▼
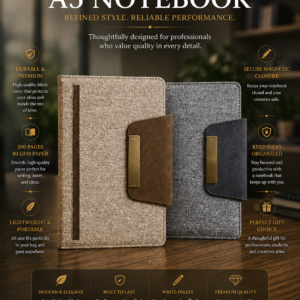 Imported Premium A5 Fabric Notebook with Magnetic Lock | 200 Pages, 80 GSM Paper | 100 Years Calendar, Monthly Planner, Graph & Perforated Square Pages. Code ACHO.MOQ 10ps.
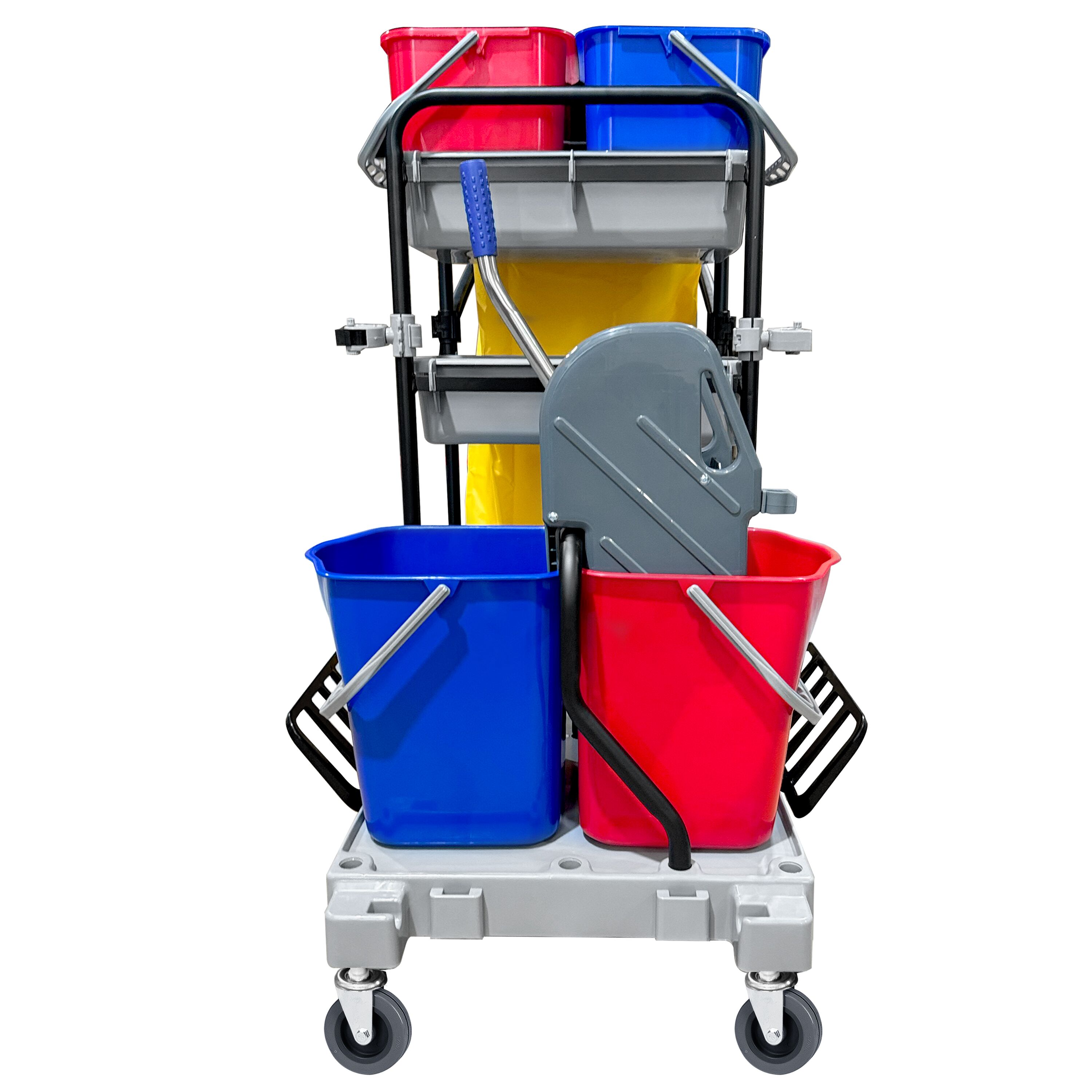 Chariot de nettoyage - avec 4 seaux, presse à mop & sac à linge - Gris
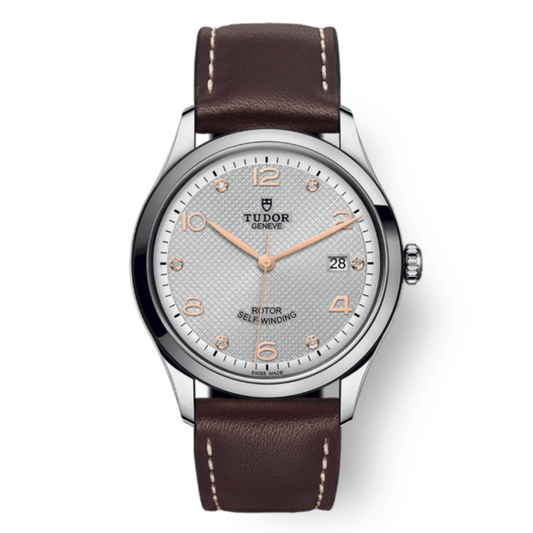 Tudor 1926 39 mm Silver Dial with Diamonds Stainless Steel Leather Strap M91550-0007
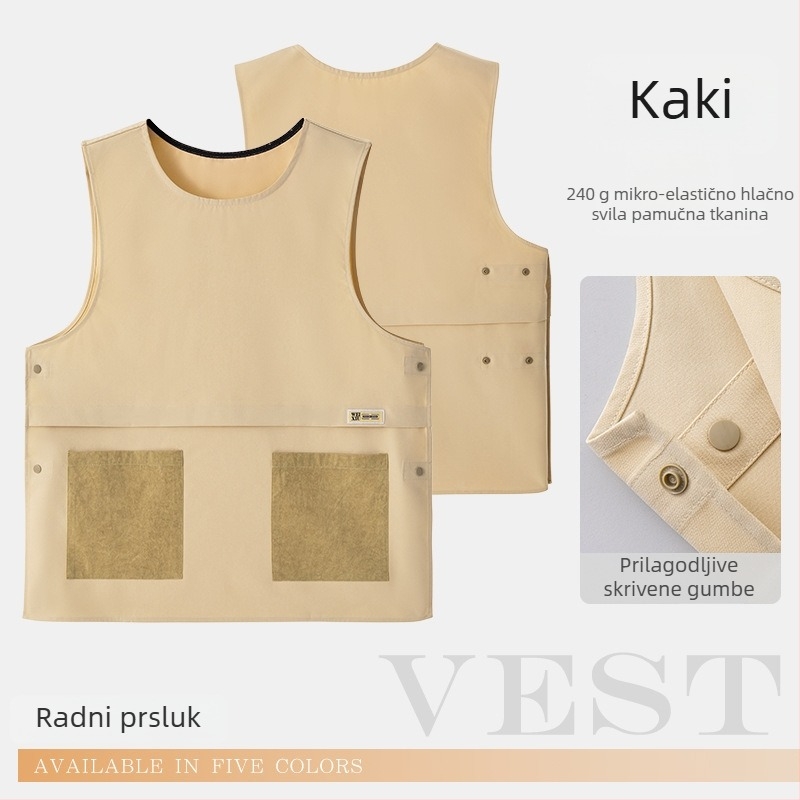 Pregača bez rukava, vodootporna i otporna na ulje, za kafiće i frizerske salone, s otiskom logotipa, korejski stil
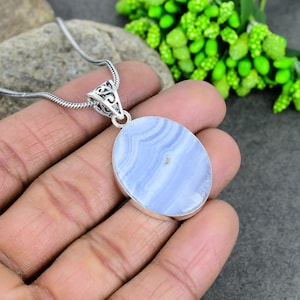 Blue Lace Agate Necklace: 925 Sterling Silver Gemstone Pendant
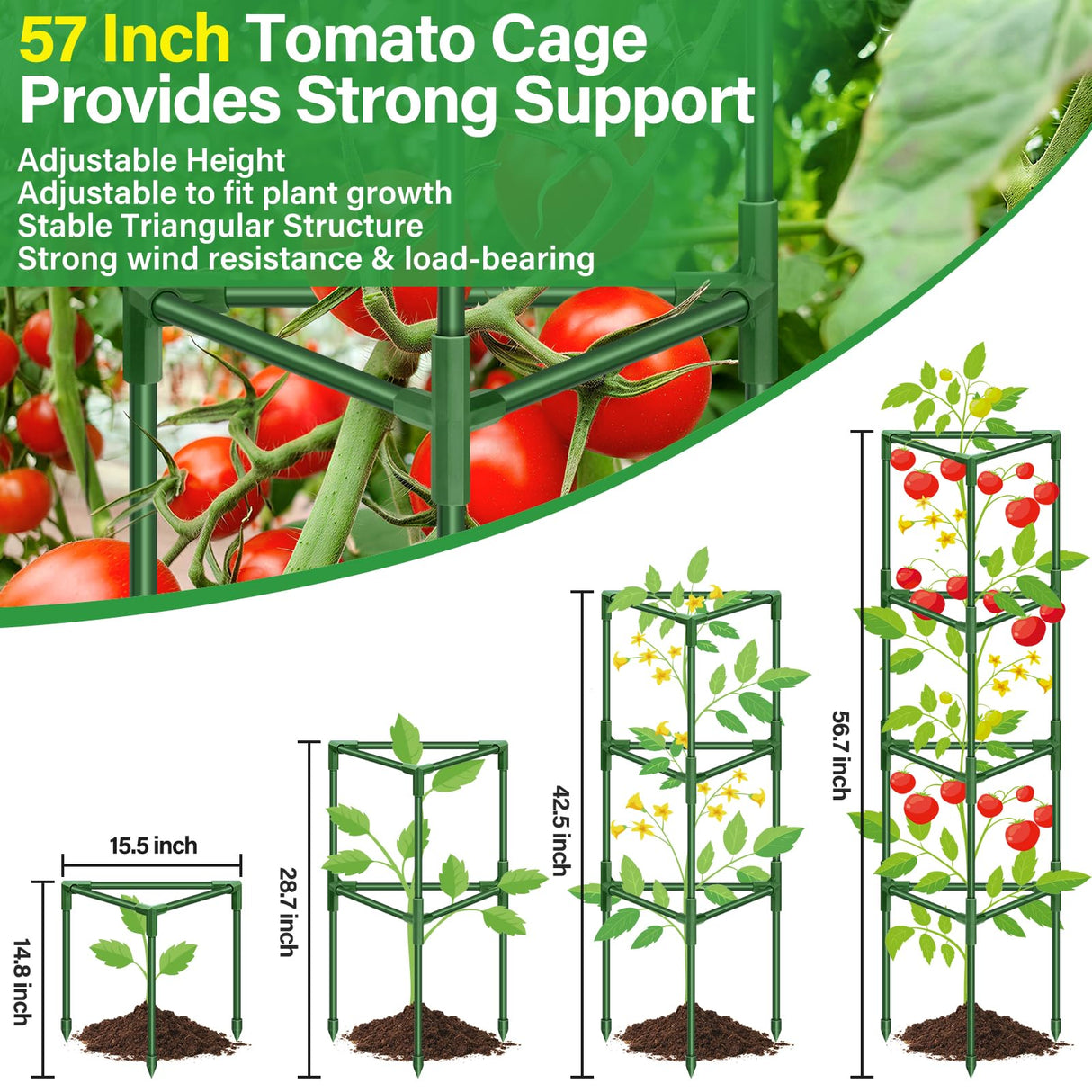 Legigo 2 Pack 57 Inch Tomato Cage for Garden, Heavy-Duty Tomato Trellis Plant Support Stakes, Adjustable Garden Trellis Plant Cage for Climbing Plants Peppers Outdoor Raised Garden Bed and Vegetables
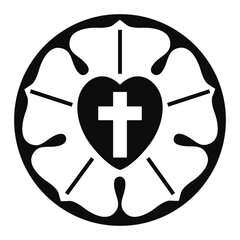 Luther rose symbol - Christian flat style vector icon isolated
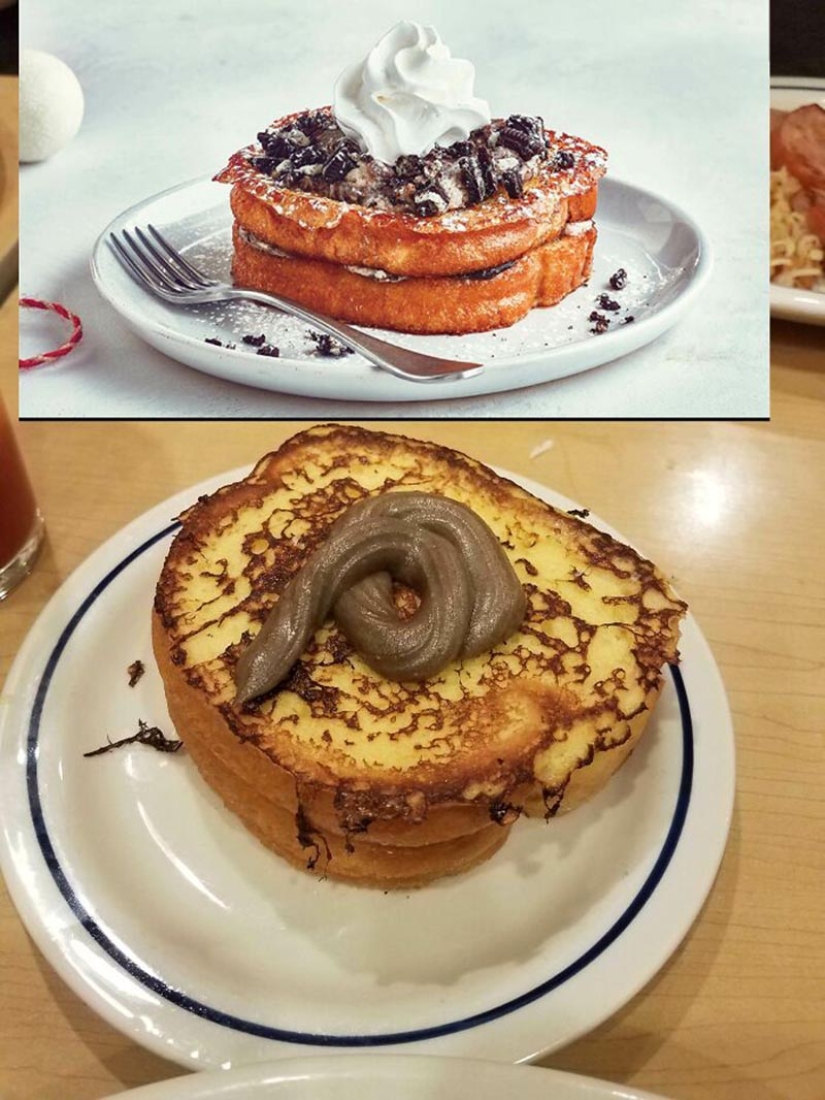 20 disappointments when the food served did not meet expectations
▲
* **ACTIVITY**
Leave every picture out. Retype the remaining data exactly.

* **REPLY TO THE TASK**
 Imported Premium A5 Fabric Notebook with Magnetic Lock | 200 Pages, 80 GSM Paper | 100 Years Calendar, Monthly Planner, Graph & Perforated Square Pages. Code ACHO.MOQ 10ps.
 Chariot de nettoyage - avec 4 seaux, presse à mop & sac à linge - Gris
 Tudor 1926 39 mm Silver Dial with Diamonds Stainless Steel Leather Strap M91550-0007
 Pregača bez rukava, vodootporna i otporna na ulje, za kafiće i frizerske salone, s otiskom logotipa, korejski stil
 Blue Lace Agate Necklace: 925 Sterling Silver Gemstone Pendant
 Legigo 2 Pack 57 Inch Tomato Cage for Garden, Heavy-Duty Tomato Trellis Plant Support Stakes, Adjustable Garden Trellis Plant Cage for Climbing Plants Peppers Outdoor Raised Garden Bed and Vegetables
 Luther rose symbol - Christian flat style vector icon isolated
 20 disappointments when the food served did not meet expectations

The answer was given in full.